* Given records:
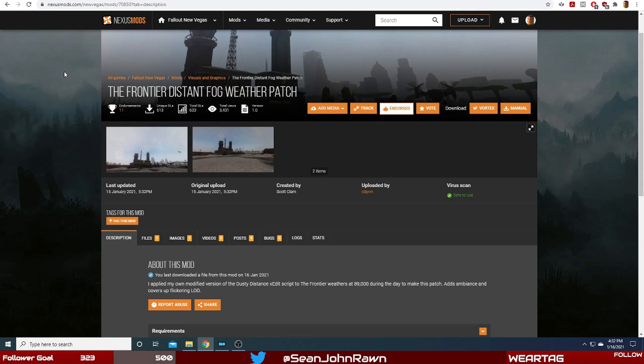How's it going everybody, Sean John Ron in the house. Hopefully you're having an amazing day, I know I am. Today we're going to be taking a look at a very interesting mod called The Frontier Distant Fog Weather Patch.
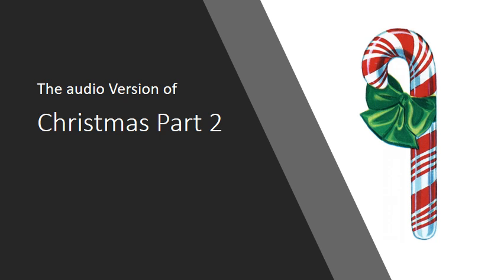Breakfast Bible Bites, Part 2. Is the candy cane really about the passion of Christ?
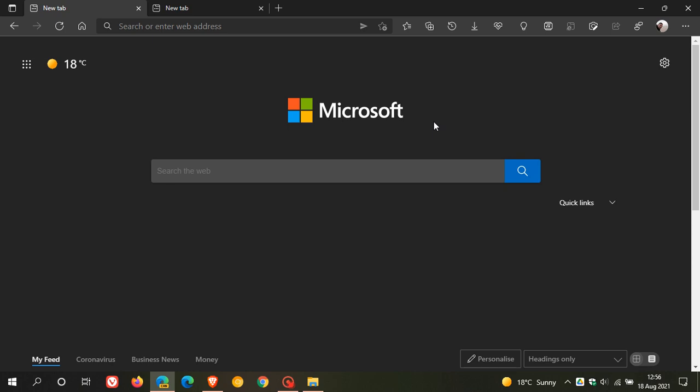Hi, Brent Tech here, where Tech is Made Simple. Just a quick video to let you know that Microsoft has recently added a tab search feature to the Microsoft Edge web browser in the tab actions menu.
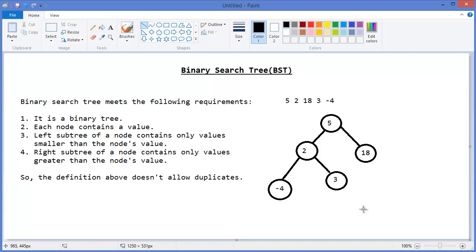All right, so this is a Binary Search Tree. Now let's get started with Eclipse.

* * *

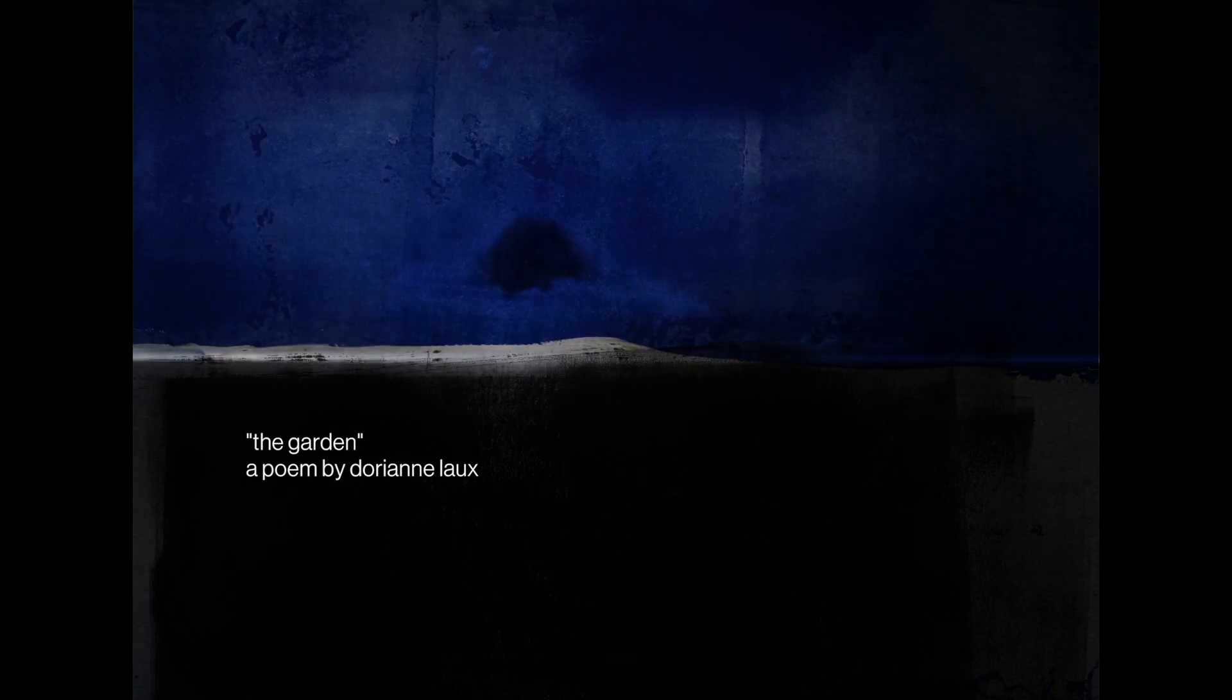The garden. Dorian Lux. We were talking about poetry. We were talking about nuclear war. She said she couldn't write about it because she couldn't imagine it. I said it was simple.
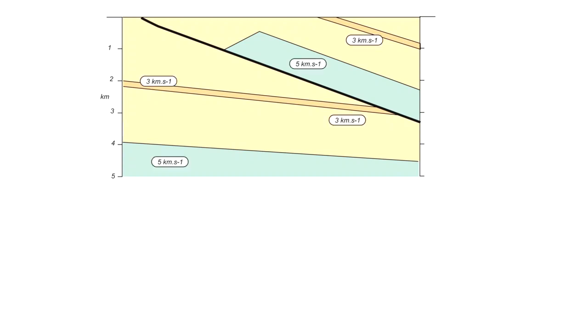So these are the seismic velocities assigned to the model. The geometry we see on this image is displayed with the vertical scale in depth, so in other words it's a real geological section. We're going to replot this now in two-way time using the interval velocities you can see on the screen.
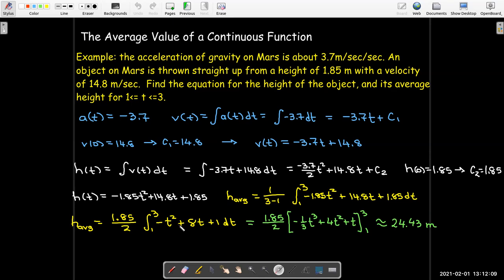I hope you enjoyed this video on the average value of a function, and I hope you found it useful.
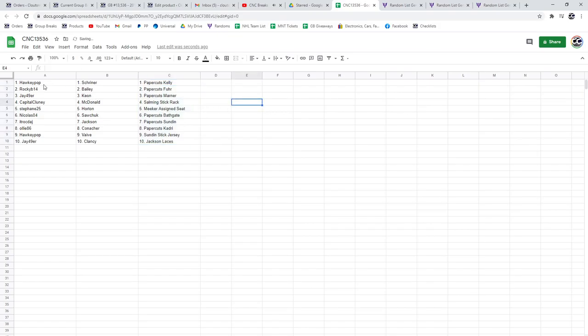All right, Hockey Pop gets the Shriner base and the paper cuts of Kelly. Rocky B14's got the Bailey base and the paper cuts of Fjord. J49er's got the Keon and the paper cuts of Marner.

---

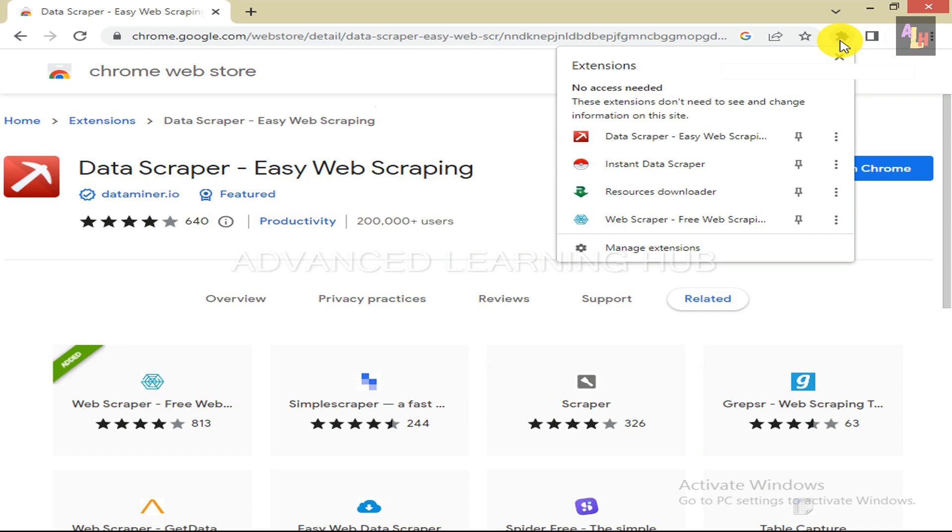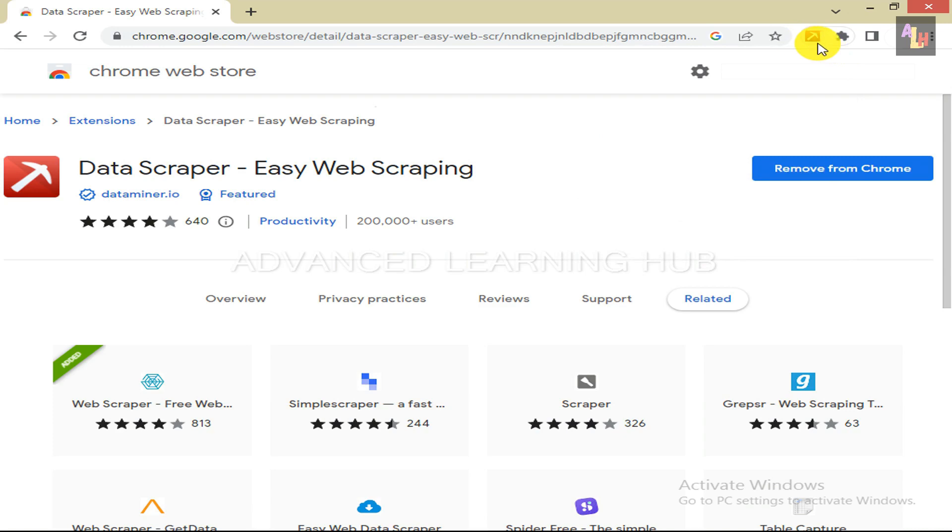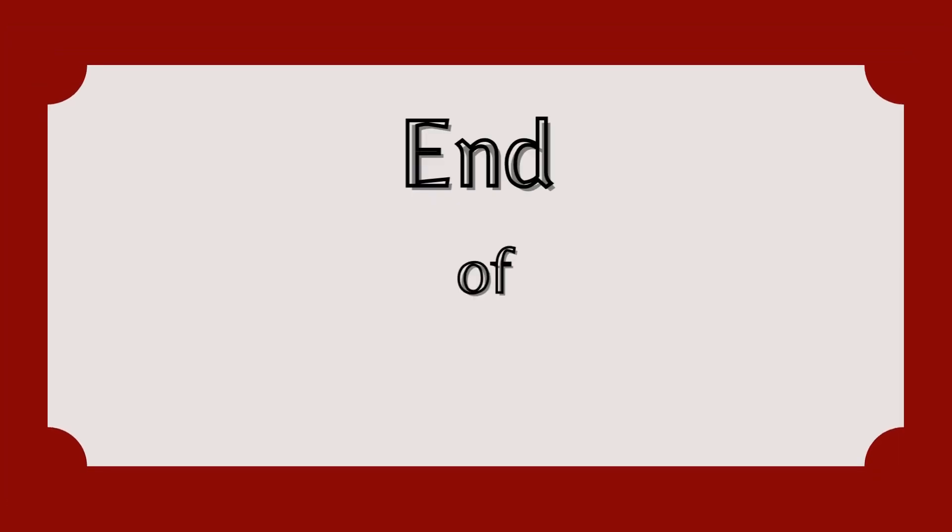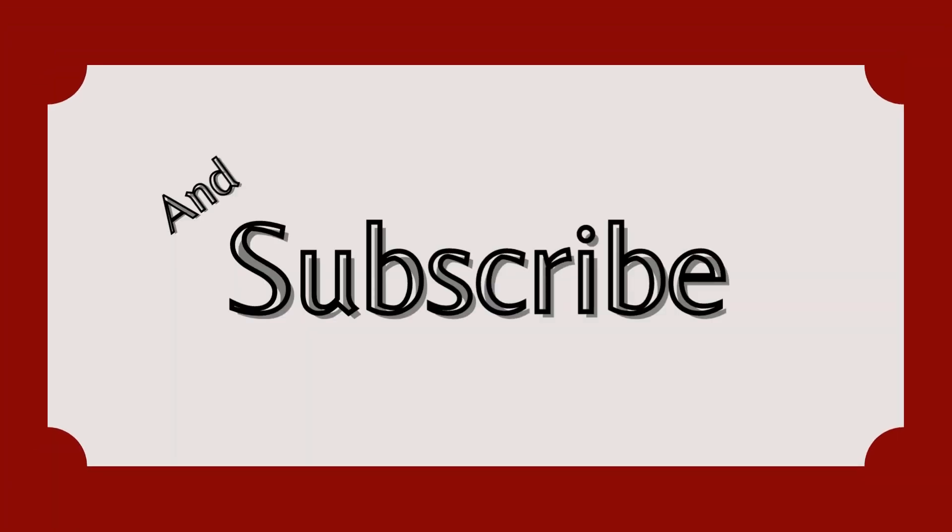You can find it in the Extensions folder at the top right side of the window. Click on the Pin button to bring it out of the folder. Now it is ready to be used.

* What to produce: Though the entries above contain pictures, none should be copied; reproduce only the lines between the one holding "How's it going" and the one holding "All right, so", inclusive, exactly as written.

* Task output:
How's it going everybody, Sean John Ron in the house. Hopefully you're having an amazing day, I know I am. Today we're going to be taking a look at a very interesting mod called The Frontier Distant Fog Weather Patch.
Breakfast Bible Bites, Part 2. Is the candy cane really about the passion of Christ?
Hi, Brent Tech here, where Tech is Made Simple. Just a quick video to let you know that Microsoft has recently added a tab search feature to the Microsoft Edge web browser in the tab actions menu.
All right, so this is a Binary Search Tree. Now let's get started with Eclipse.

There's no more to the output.